LinkedIn’s Content Conundrum

LinkedIn has had massive success becoming a huge social network (#7 in the world by user base as ranked by statista.com). And it continues to grow at an amazing pace both overall and within your own personal connections:

  • Average of 27% YOY growth in users
  • In the past 3 years the median no. of connections /user has grown from 200-299 to 501-999, a 300%+ increase

On top of this tremendous growth, LinkedIn has focused on increasing user engagement by enabling content sharing and publishing as a key element within the network. This has also been very successful, for example there has been over 3 million long form posts published since starting.

Being an avid LinkedIn user, content sharer, blog publisher - it has been a great way to grow my connections and followers.
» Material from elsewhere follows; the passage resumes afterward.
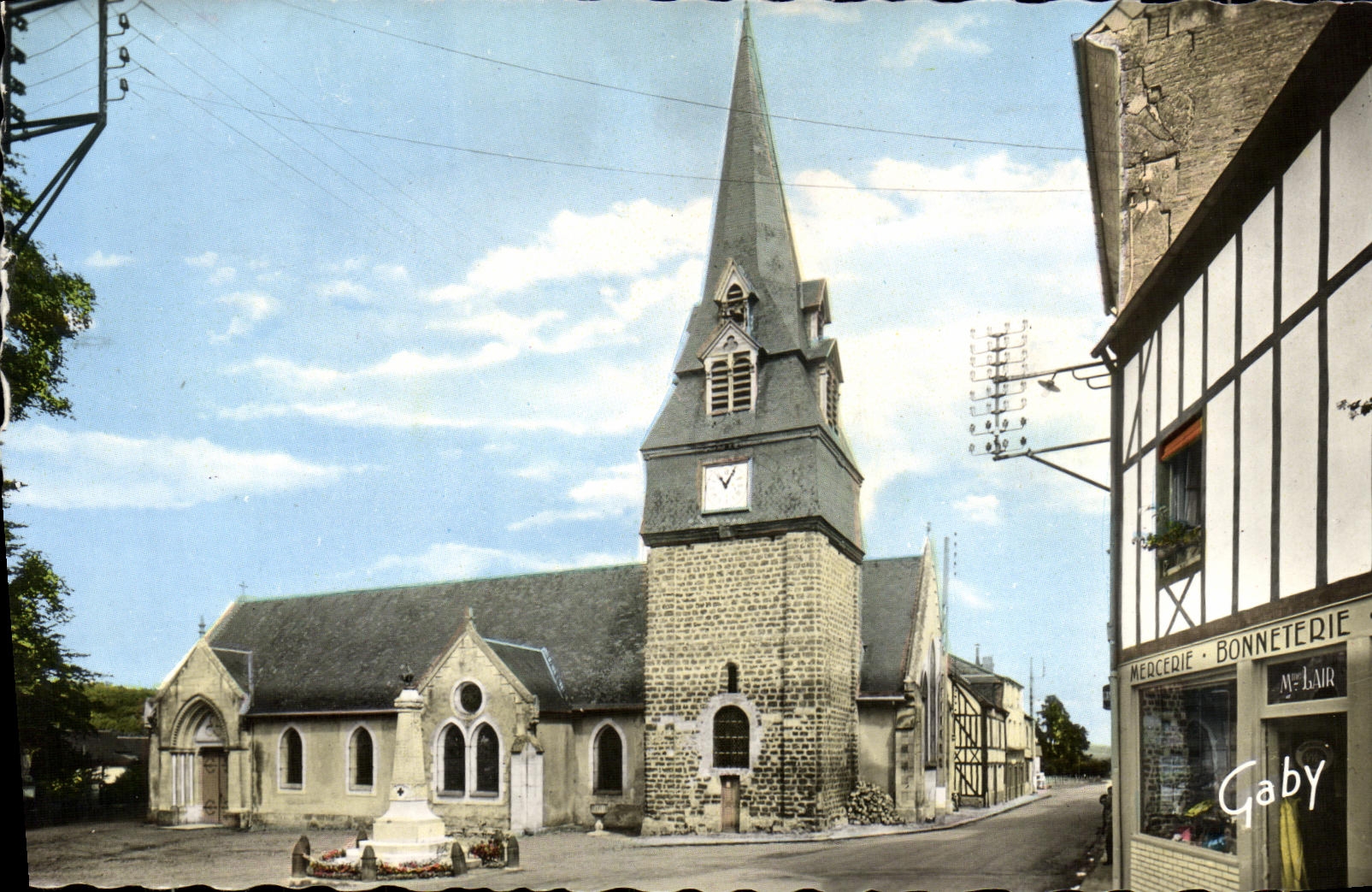 Église de Fervaques — vue de la place avec monument et boutique — Gaby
But as those numbers climb I have to admit I am more focused on social marketing within LinkedIn vs. growing relationships.

 

It is Becoming Harder to Stand Out

At Nudge, we did a quick analysis of the performance of long form posts from some of the best-of-the-best, the Top 30 Social Sales Influencers (as ranked by Forbes.com).

Since April of 2014 the T30SSI have posted 331 times and generated a whopping 372,000 views. Pretty impressive response. However when you look at this trend over time, it tells another story:

 

(*Note: 2015 Q2 no. of posts extrapolated based on 2 months of data - source: linkedin.com post analysis)

 

It is clear that avg. viewership per post has dropped significantly, in fact it is off by almost 76% since Q2 2014, even though the no. of posts has remained fairly consistent.
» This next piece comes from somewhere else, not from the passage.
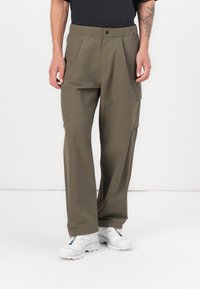 Oakley NEW RETRO PANTS - Oldalzsebes nadrágok - raven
So what is happening? Maybe the content isn’t as good, as they have run out of all of their “best stuff”. So we also looked at “likes” and “comments” over the same time period.

 

(source: linkedin.com post analysis)

Based on this analysis, I would say that the content is still doing well. In fact with less views per post, they are still earning similar avg. likes and comments over the last year (note: there was one post in 2015 Q1 that generated 2442 likes, 38% of all likes that quarter, and without that post the average falls to 57 likes).

To me this is just representative that LinkedIn’s own success has made it more difficult for users sharing and publishing content to stand out. I think every social network that focuses on growing connections/followers faces this same challenge. At some point the signal (content from people you care about) to noise (content from people you don’t care about) ratio drops far enough so it becomes harder to find the right people and content you care about. Think of what has happened with Twitter.
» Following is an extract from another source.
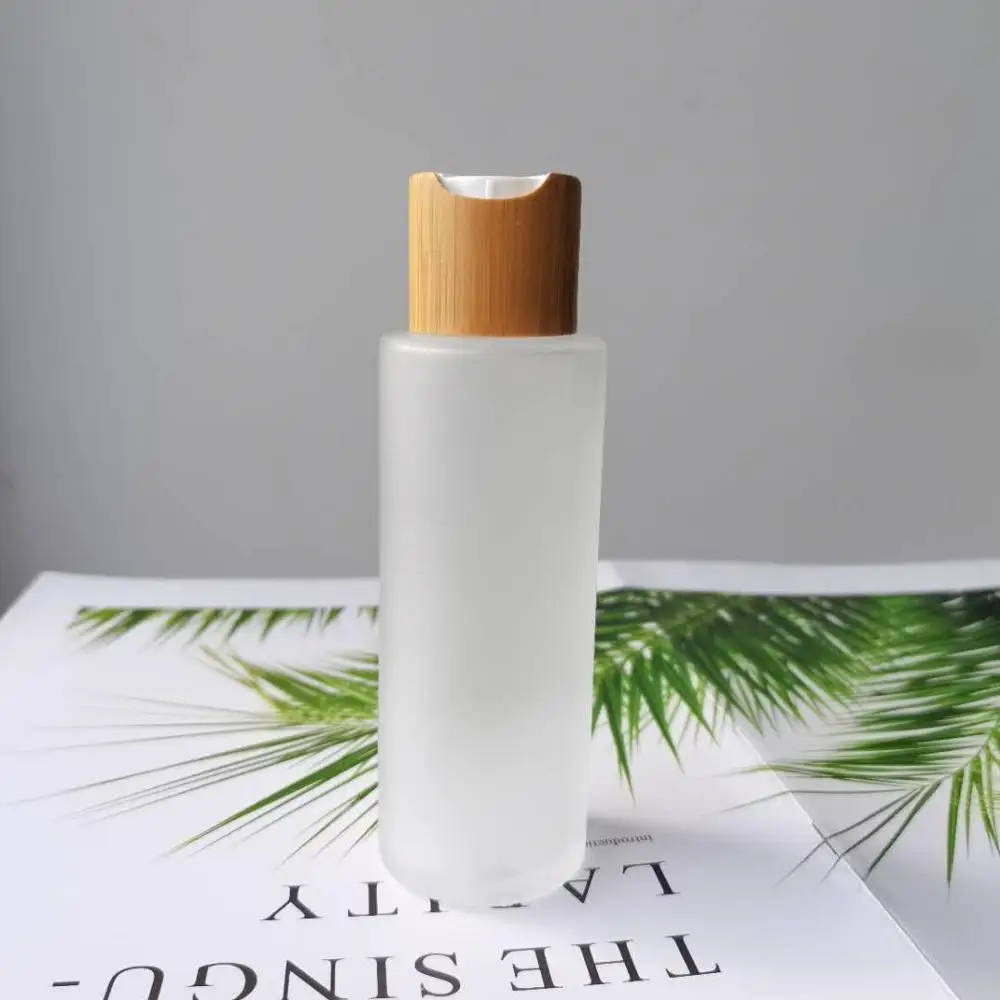 

50pcs 30ml 50ml Frosted Glass Lotion Atomizer Bottles with Eco-friendly Bamboo Lid Fine Mist Spray Pump Dispenser For Perfume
The challenge is I want to grow my connections and followers for social marketing, but still have the ability to grow the right relationships - how do I get rid of some of the “noise”?

 

You Need a Better Lens to See Your “Network”

Networks like LinkedIn need a way to filter your streams/feeds based on the people who you have or want to have real relationships with. That way you can continue to use the network for both social marketing AND relationship building.

At Nudge we believe that lens is relationship strength. If you could see your network in LinkedIn (in Twitter, or anywhere) based on people you have had, or still have a relationship with, it would be helpful in filtering out the noise and getting to the signal. And that relationship lens is also a moving window, as you email, call, and meet new people every day.

I will say that LinkedIn is definitely the best place to publish content as a professional, but it is getting harder and harder to stand out. And it is not easy to determine which connections I should prioritize to build real relationships with over time.

What do you think of my idea on using a “relationship lens” to filter out the noise?